-- Opening Marker --

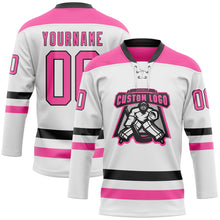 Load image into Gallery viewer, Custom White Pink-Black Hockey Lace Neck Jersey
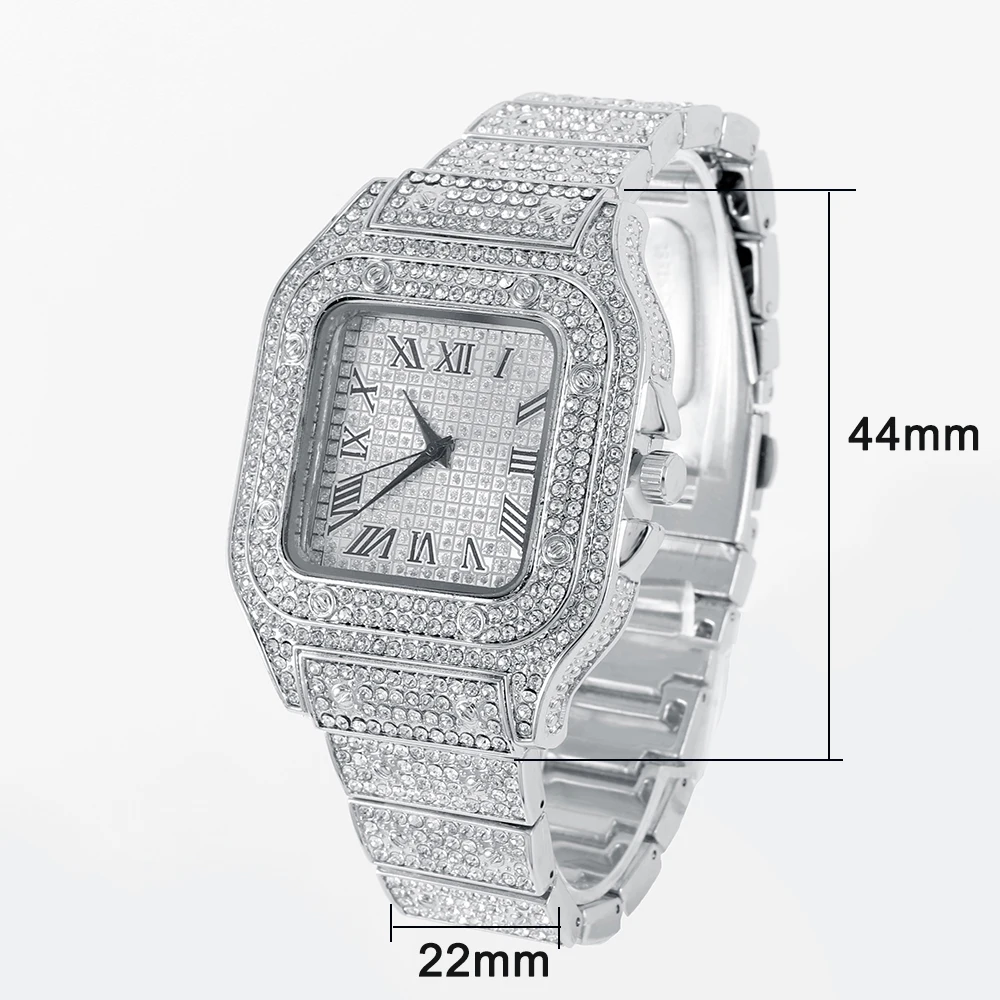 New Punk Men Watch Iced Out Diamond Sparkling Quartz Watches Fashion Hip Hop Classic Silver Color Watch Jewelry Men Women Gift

-- Closing Marker --
-- Opening Marker --

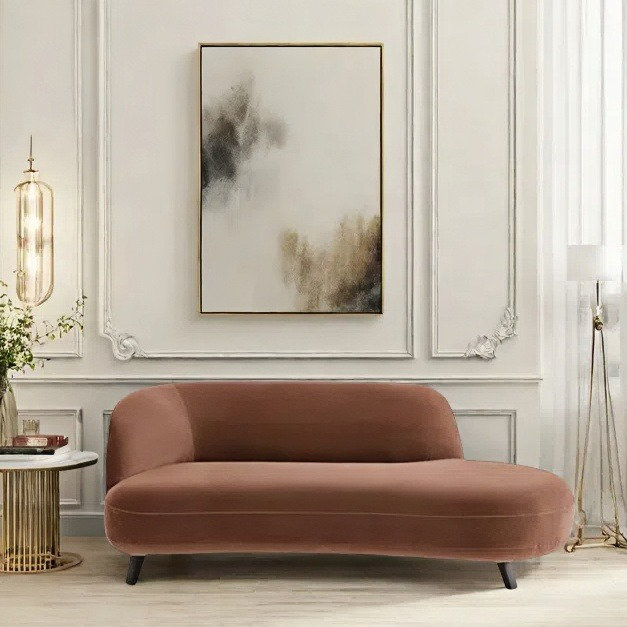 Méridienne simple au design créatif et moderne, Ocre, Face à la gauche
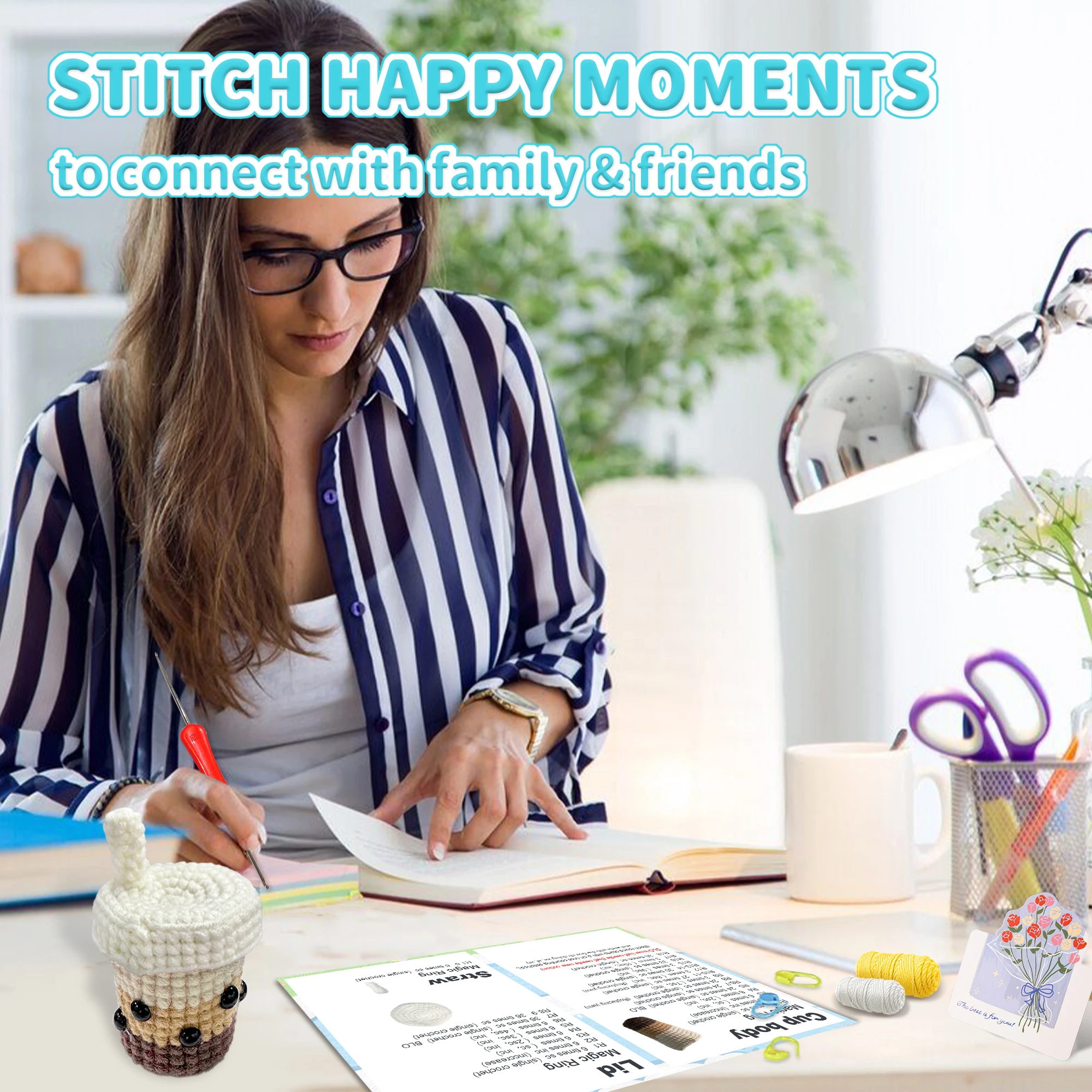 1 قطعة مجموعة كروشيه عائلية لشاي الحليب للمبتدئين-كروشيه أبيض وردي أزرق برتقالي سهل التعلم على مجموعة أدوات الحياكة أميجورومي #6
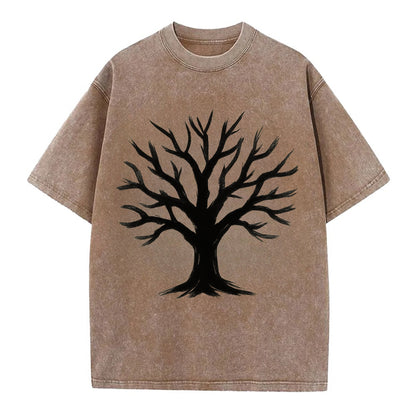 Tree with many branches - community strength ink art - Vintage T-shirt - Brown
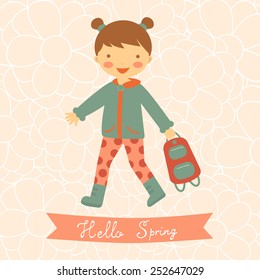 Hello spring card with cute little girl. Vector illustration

-- Closing Marker --
-- Opening Marker --

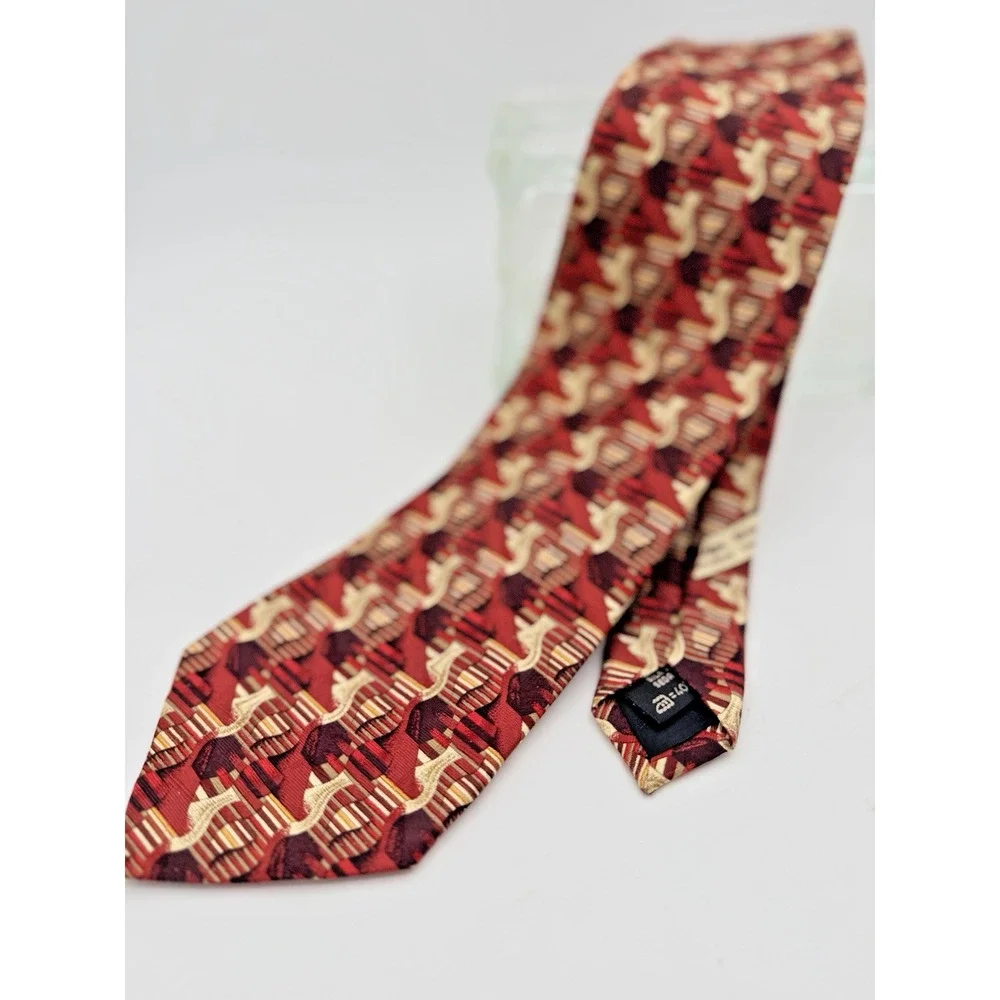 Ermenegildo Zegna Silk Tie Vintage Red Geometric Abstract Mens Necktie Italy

-- Closing Marker --

- _What this task involves_
Starting at the line with "Load image into" and finishing at the line with "New Punk Men", copy the material above exactly, both lines included. Nothing else goes in, and no pictures.

- _Solution_
 Load image into Gallery viewer, Custom White Pink-Black Hockey Lace Neck Jersey
 New Punk Men Watch Iced Out Diamond Sparkling Quartz Watches Fashion Hip Hop Classic Silver Color Watch Jewelry Men Women Gift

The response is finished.